(Available records begins)

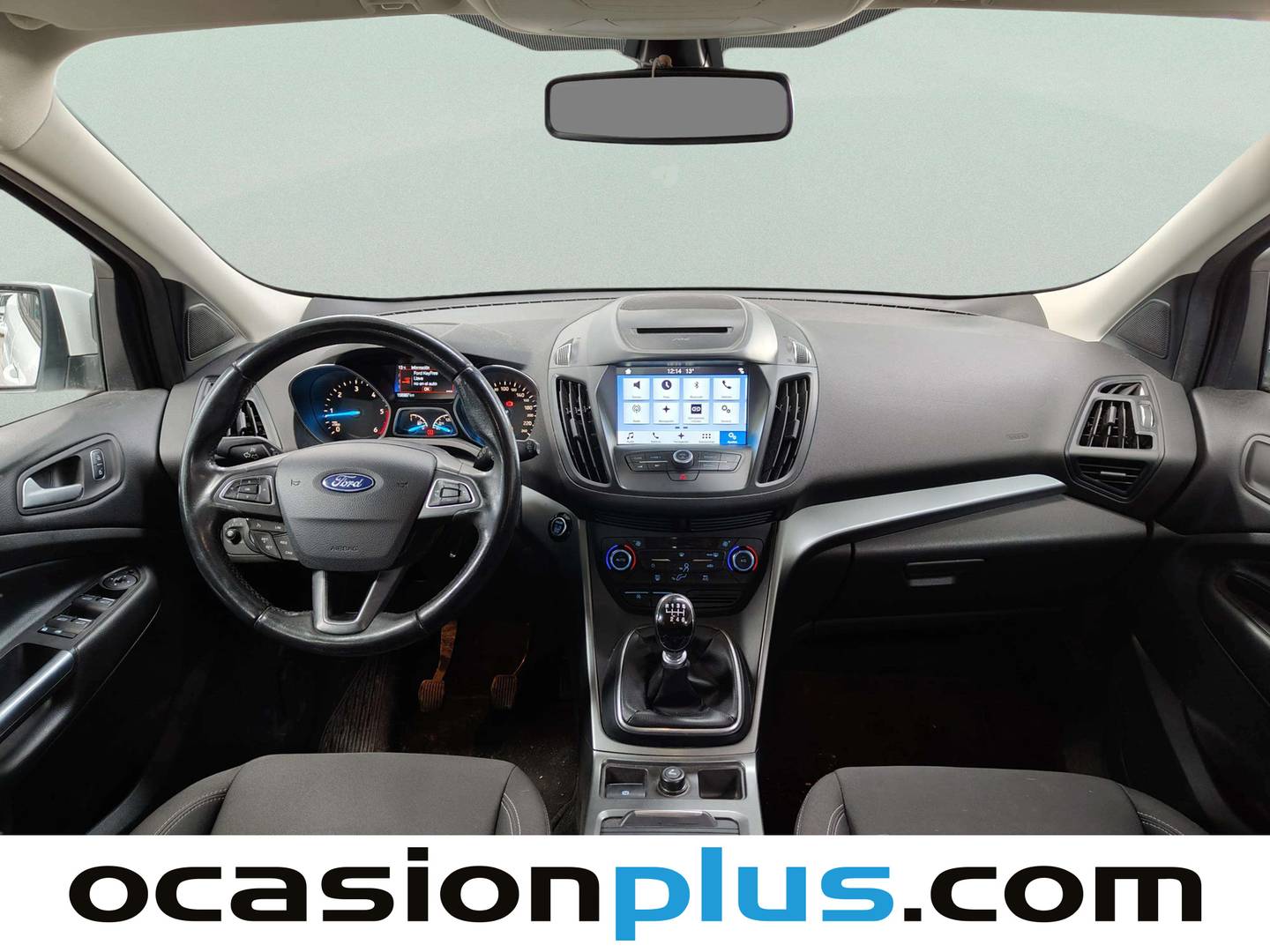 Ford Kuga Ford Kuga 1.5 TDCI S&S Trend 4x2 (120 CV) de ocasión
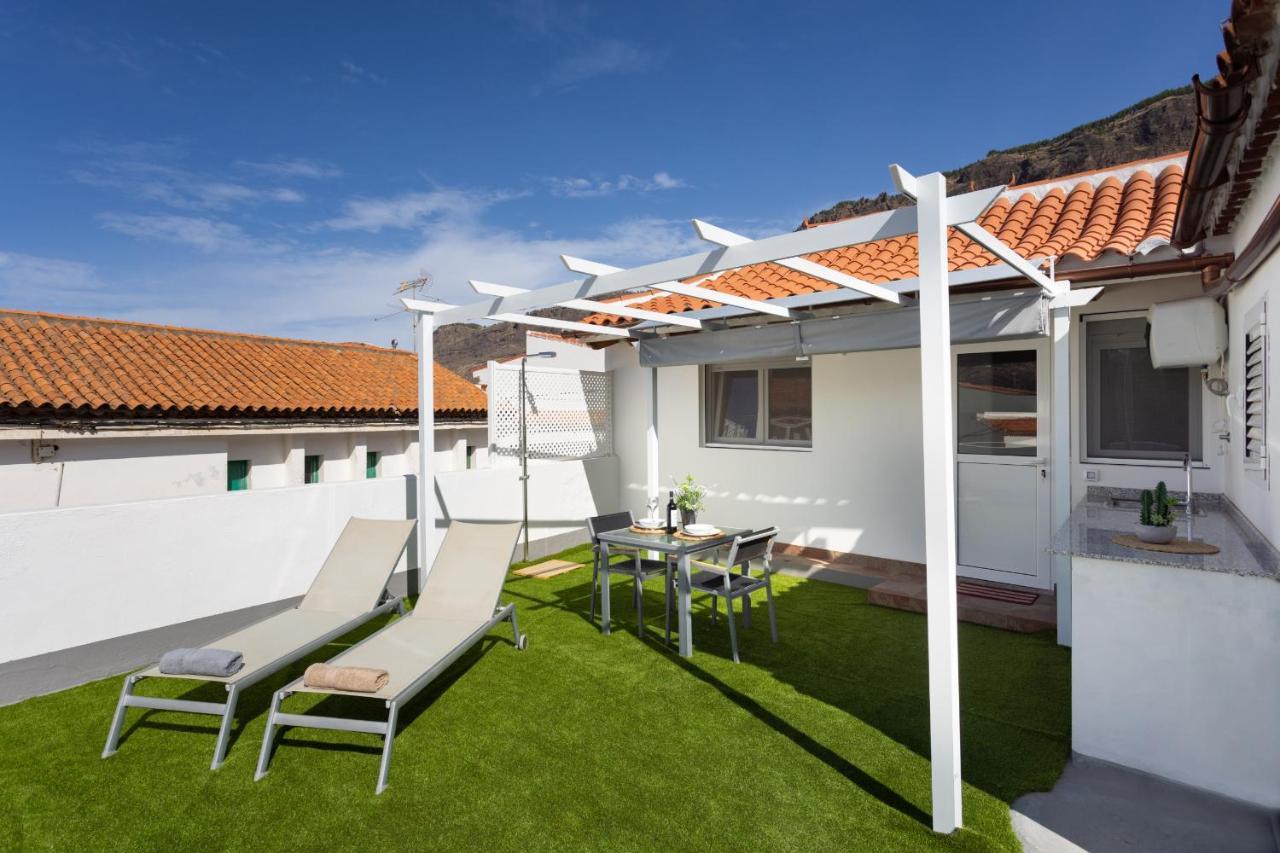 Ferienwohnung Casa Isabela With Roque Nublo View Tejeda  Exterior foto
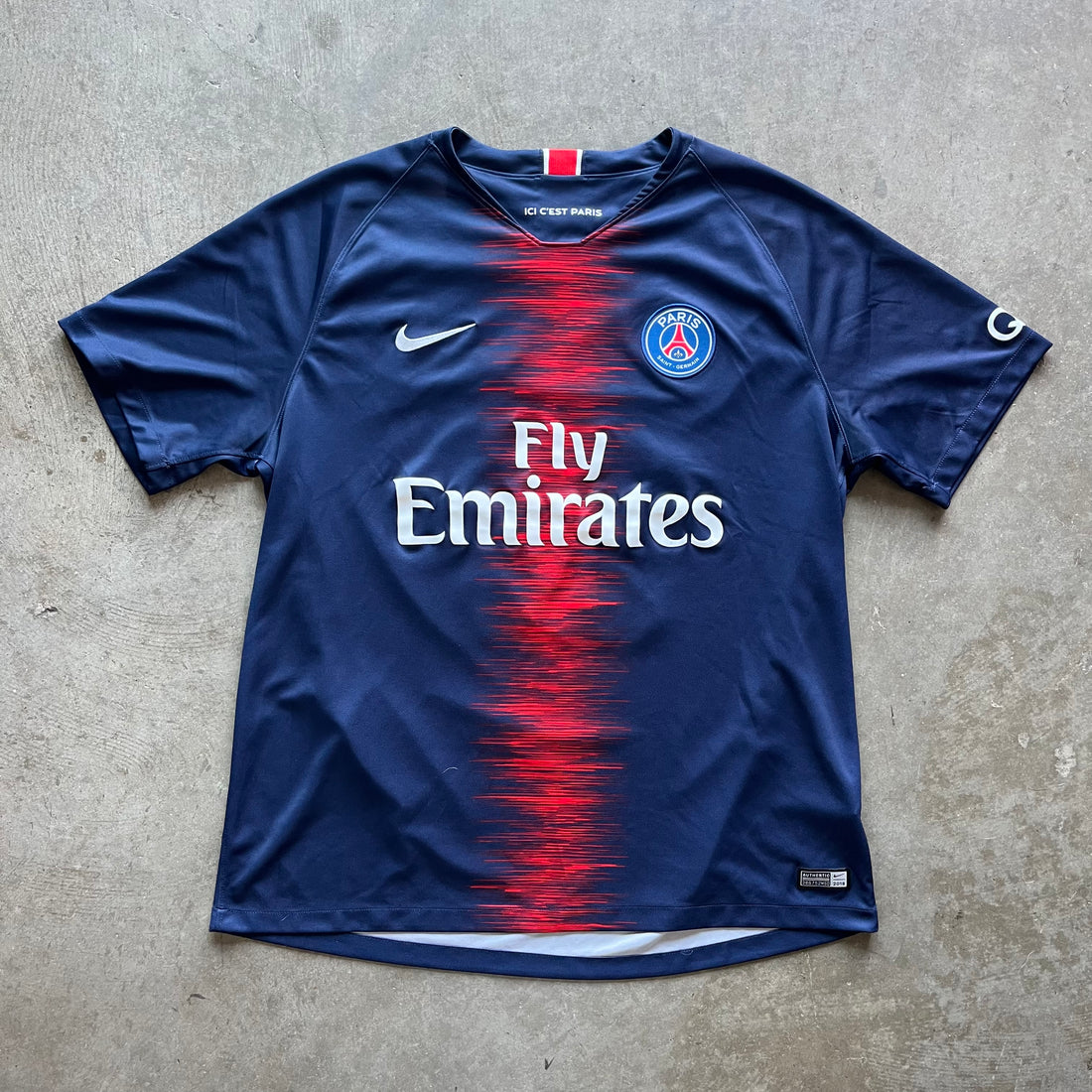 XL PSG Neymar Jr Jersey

(Available records ends)
(Available records begins)

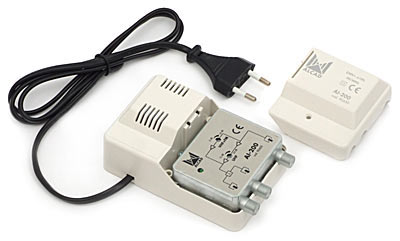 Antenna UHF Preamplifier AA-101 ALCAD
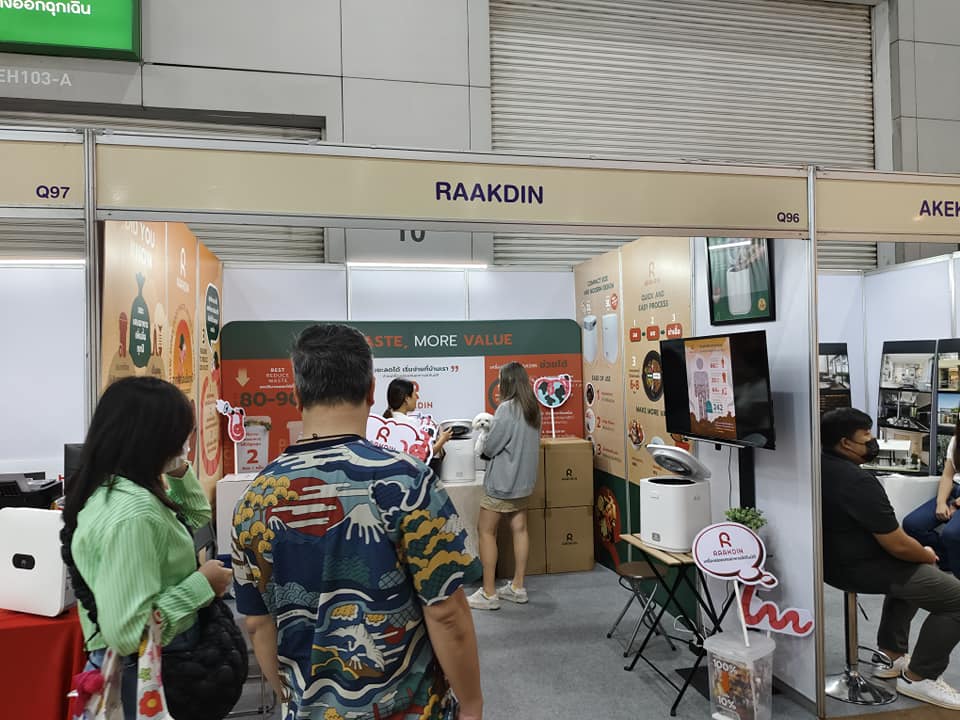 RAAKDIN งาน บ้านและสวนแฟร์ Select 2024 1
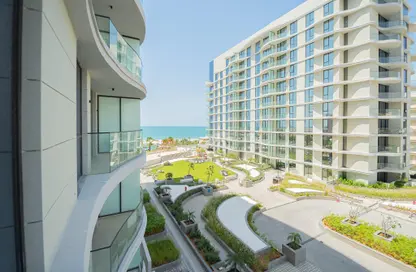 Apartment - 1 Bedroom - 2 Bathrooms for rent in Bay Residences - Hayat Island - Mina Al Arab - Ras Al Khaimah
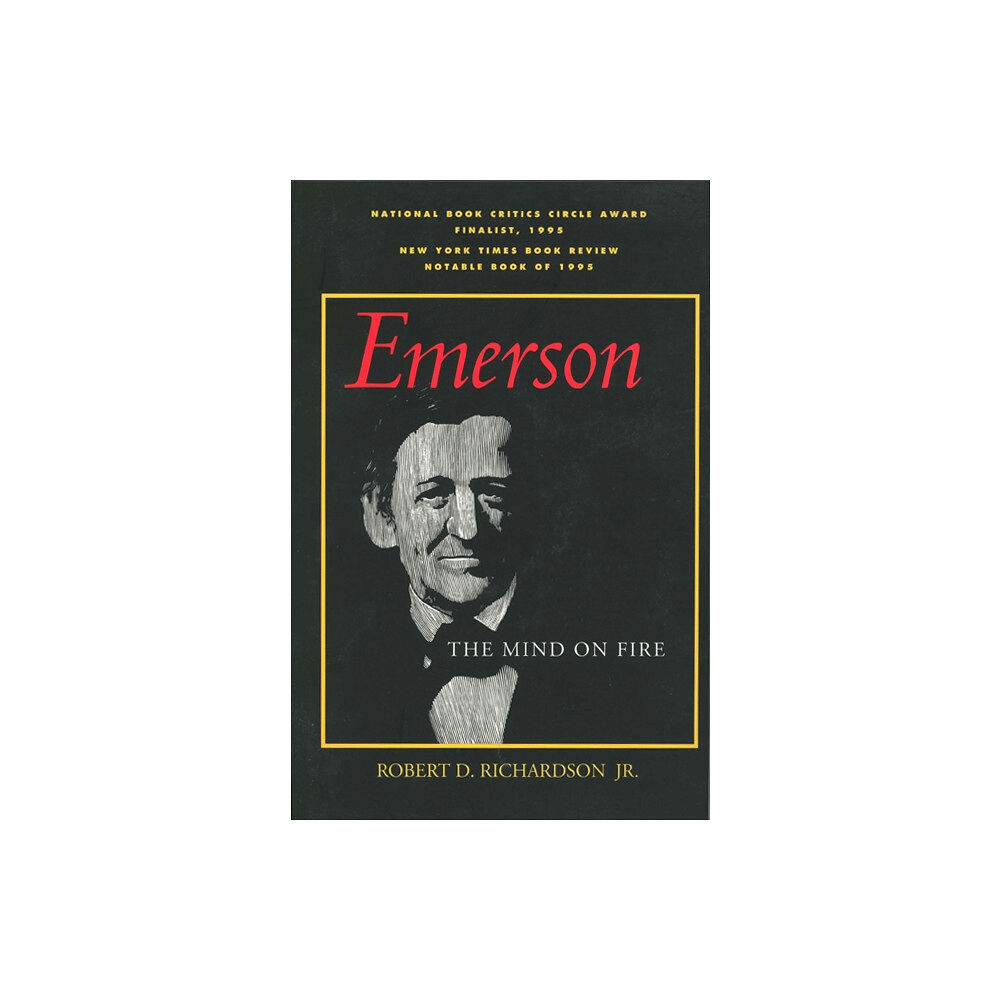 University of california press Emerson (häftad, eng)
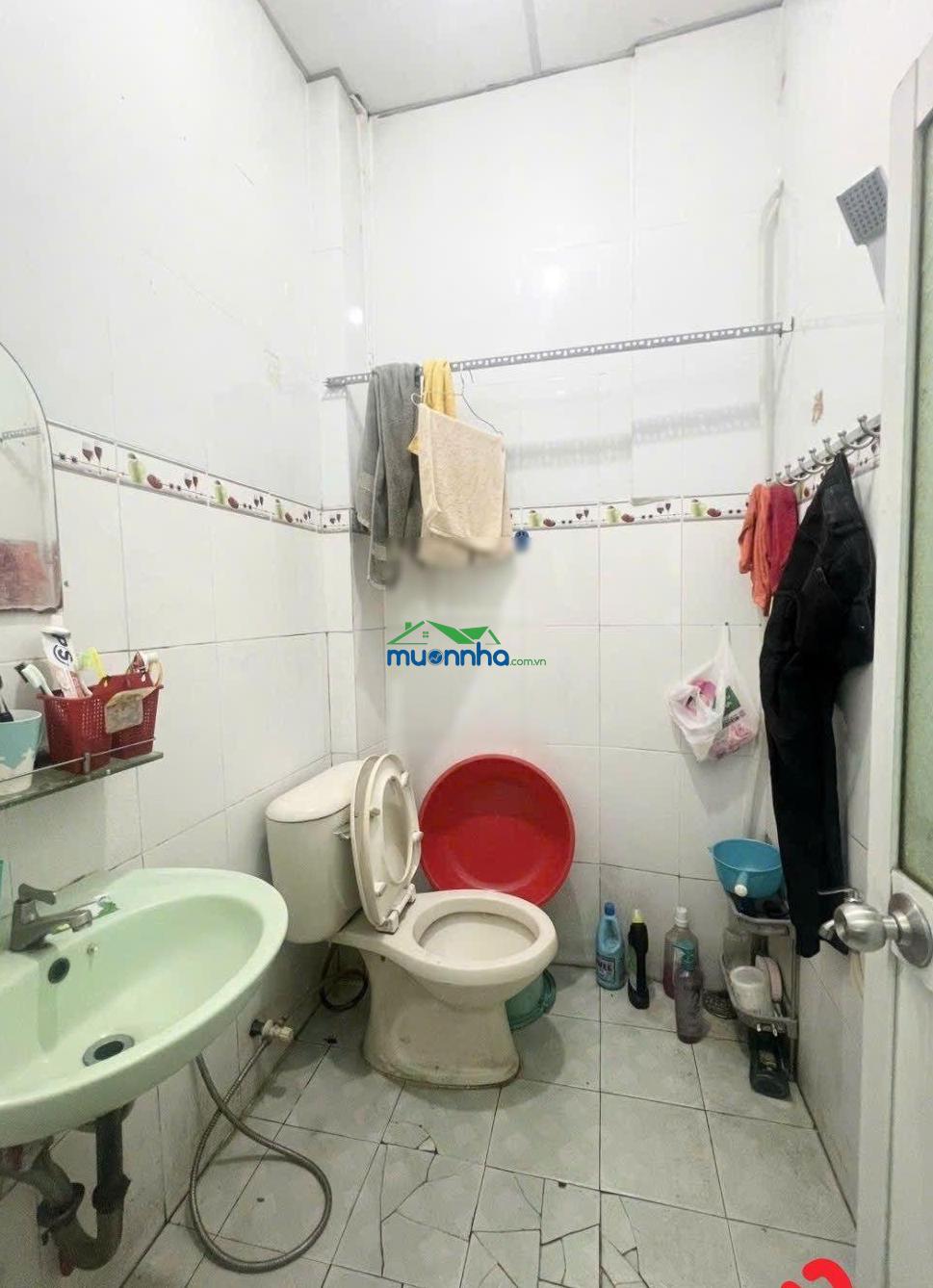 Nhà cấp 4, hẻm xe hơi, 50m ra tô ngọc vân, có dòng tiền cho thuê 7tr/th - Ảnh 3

(Available records ends)

» **What is being asked**:
Nothing but the lines above from the one that has "Ford Kuga Ford" down to the one that has "XL PSG Neymar Jr Jersey" belongs in the answer, copied exactly, without pictures.

» **Solution**:
 Ford Kuga Ford Kuga 1.5 TDCI S&S Trend 4x2 (120 CV) de ocasión
 Ferienwohnung Casa Isabela With Roque Nublo View Tejeda  Exterior foto
 XL PSG Neymar Jr Jersey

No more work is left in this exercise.